Although I was caught by surprise at the seemingly random timing of her demand, I wasn't shocked by the idea of a drug test. My sister's death had, after all, been from a drug overdose. I was still puzzled by the resurrection of my sister's past, but I still consented to taking the test. Although, I still felt obligated to ask her why.

Her response shocked me.

"I hear you've been trying to buy some ecstasy from someone."

I let out a slight giggle. I had no idea what inspired her belief, and when asked, she refused to provide me with any solid information.

"It may not have been ecstasy," she started. "Someone left a message on your voicemail. A phone number was left to contact someone for something you've been trying to buy. I want to know what it is."

I calmly told her I didn't know what it was about, and I requested that I hear the voicemail.

"I deleted it. I want to know what you were trying to buy." Her tone grew harsher with every word, and her accusations created a burning in my heart.

I repeated to her that I didn't know what the phone call was about and since I couldn't hear the message, I was unable to provide her with any of the information she requested. I had no idea as to what inspired this accusation, and I was just as curious as she was to find out.

"You're lying to me, Molly. If I find out you've been doing drugs, I'm sending you away."

My stomach sunk at those last four words. The mere thought that my mother would give up on me, even if I were doing drugs, upset me more than I could ever describe.

"Get me tested, then," I challenged her. I wanted to prove to her that I wasn't as bad of a child as she made me seem at that moment, and I was more than willing to comply with her request.

The next few minutes were a blur. What I thought was going to be a civil conversation metamorphisized into screaming obscenities and accusations.

My heart was pounding furiously and my blood was boiling. I regained the courage to look her straight in the eye, and I regained the emotional strength to leave her with three words: "I'm not Amanda."

I ran back downstairs, my face drenched in tears. My boyfriend had heard the entire conversation and without a word, he welcomed me into his arms as I cried. Together we left my house, and I was comforted by the combination of his warmth and the sun. With both arms wrapped around me, we found a bench as he promised to me that everything would be alright.

I returned home later that evening recomposed, but was welcomed with more accusations. She continuously asked me if I was ready to come clean and tell her what I was trying to buy, but I was still clueless and desperately tried to tell her I didn't know.

She had purchased a drug test, and I was eager to take it. She asked me if I wanted to see it and told me it had come out negative. I had proven to her that I was clean, but the accusations continued.

"I want to know what you were trying to buy."
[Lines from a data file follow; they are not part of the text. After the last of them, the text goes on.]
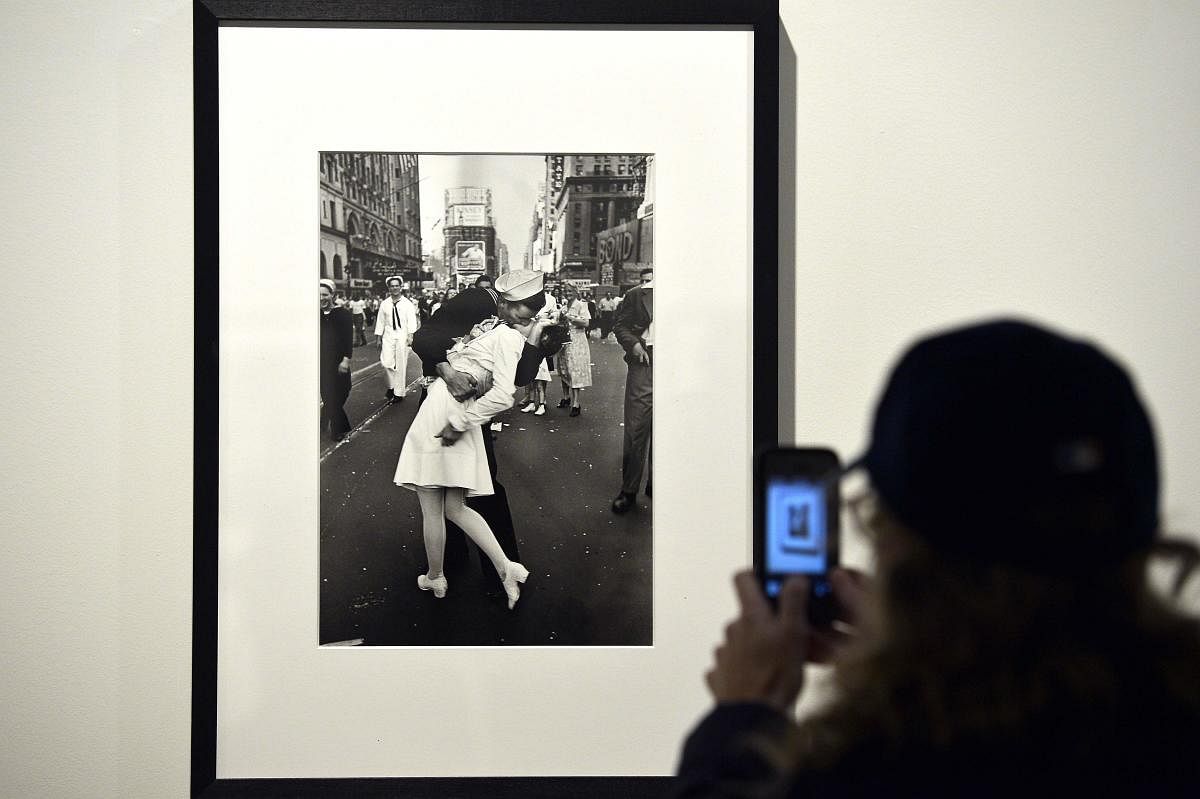 In this file photo taken on April 30, 2013 a visitor takes a snapshot of "VJ Day in Times Square, New York, NY, 1945" by Alfred Eisenstaedt during the "Life, I grandi fotografi", (The great photographers) exhibition at the auditorium in Rome. - The sailor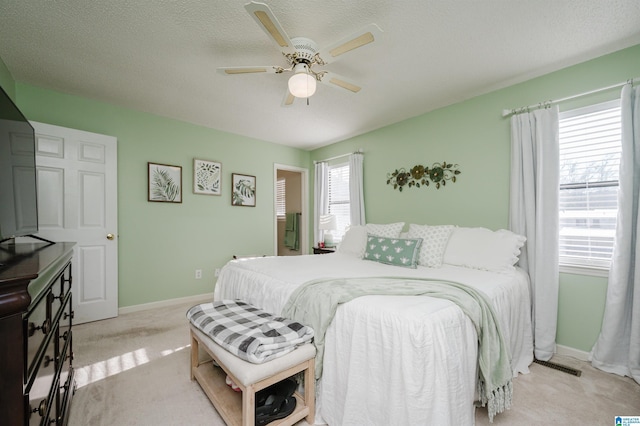 carpeted bedroom with ceiling fan and a textured ceiling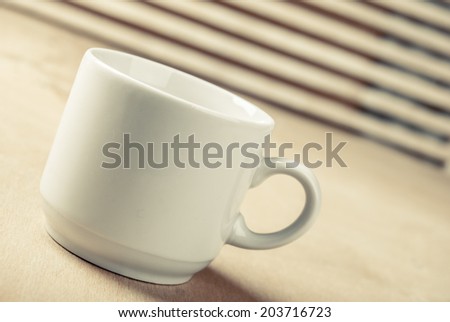 white ceramic cup of coffee on wooden table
I promised her I didn't know, but I only received more questioning. Broken down once again, I entered my room and quietly shut the door. A few moments later, she followed me in and continued with her questioning. No matter what my response was, I was deemed a liar and a drug addict, although she had physical proof otherwise.
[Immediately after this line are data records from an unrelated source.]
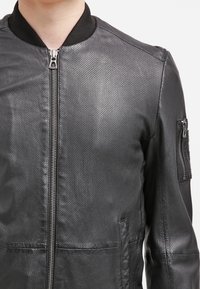 Giacca in pelle nera perforata con zip frontale, colletto a coste nero e tasca con zip sulla parte superiore del braccio sinistro.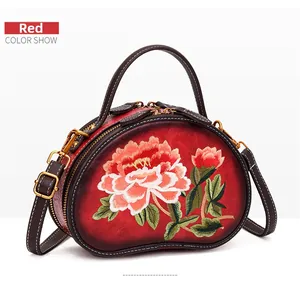 Detail of red floral embroidery on leather crossbody bag with dual zipper closure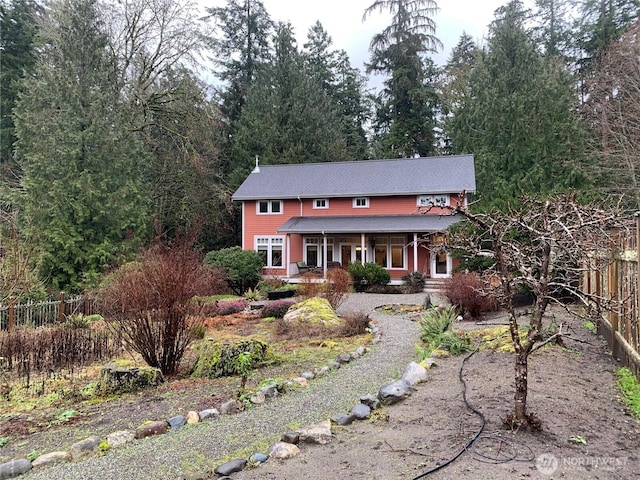 view of front facade with fence and a porch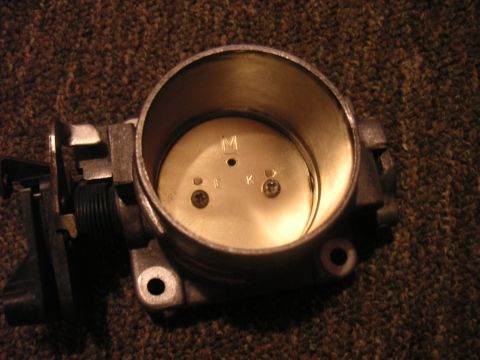 1996 Ford Crown Victoria - A throttle body part is shown, with visible markings and screws, on a carpeted surface.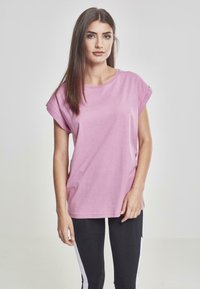 T-shirt rosa a maniche corte realizzato in cotone, con scollatura rotonda e maniche arrotolate, abbinato a leggings neri con strisce laterali bianche.
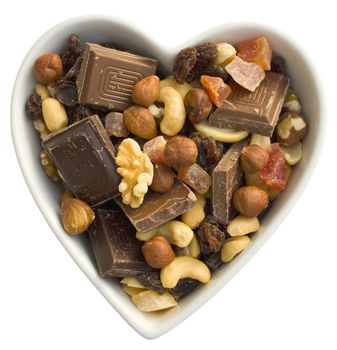 Heart shaped bowl filled with dried fruits, nuts, dark chocolate and milk chocolate.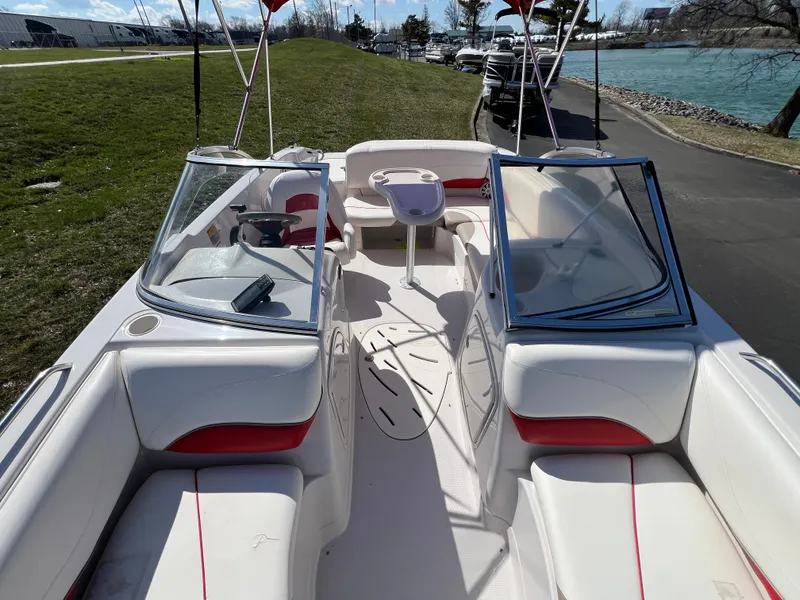 Slide: The Image of 2006 Tahoe 204 WT boat interior with white and red seating, docked by a riverside. - 23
She forced me awake half the night, still trying to get an answer out of me. My heart was burning more than ever and I had no idea what to do to get her to stop. I missed the period of my life in which she paid no attention to me whatsoever, and I desperately wished I could reclaim it.

My father, who lives in California, sent me $100 through the mail because I wasn't getting any from my mother. She informed me of this at 1:30 am, and then viciously stated that I wasn't getting it until she found out what I was trying to buy. Hearing this, I sunk down to an all new low. I wanted to buy my best friend a birthday present, and tried explaining this to her, but she refused to hear it.
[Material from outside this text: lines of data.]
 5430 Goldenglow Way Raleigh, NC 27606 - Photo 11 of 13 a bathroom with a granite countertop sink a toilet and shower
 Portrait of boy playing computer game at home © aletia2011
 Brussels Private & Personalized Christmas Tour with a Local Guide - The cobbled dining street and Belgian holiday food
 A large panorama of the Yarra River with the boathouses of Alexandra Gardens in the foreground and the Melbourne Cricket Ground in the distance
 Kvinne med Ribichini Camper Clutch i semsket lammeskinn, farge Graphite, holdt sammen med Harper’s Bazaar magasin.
Eventually, she left my room, informing me I was grounded for insubordination. I sobbed into my pillow until I fell asleep.

A day later, I am still being accused of an uncommited crime.


At exactly 12:00 am, I stare out my window and see a star shooting through the sky. I normally am not supersticious, but out of desperation, I close my eyes and easily make a wish.

Summer, please smile down on me once again.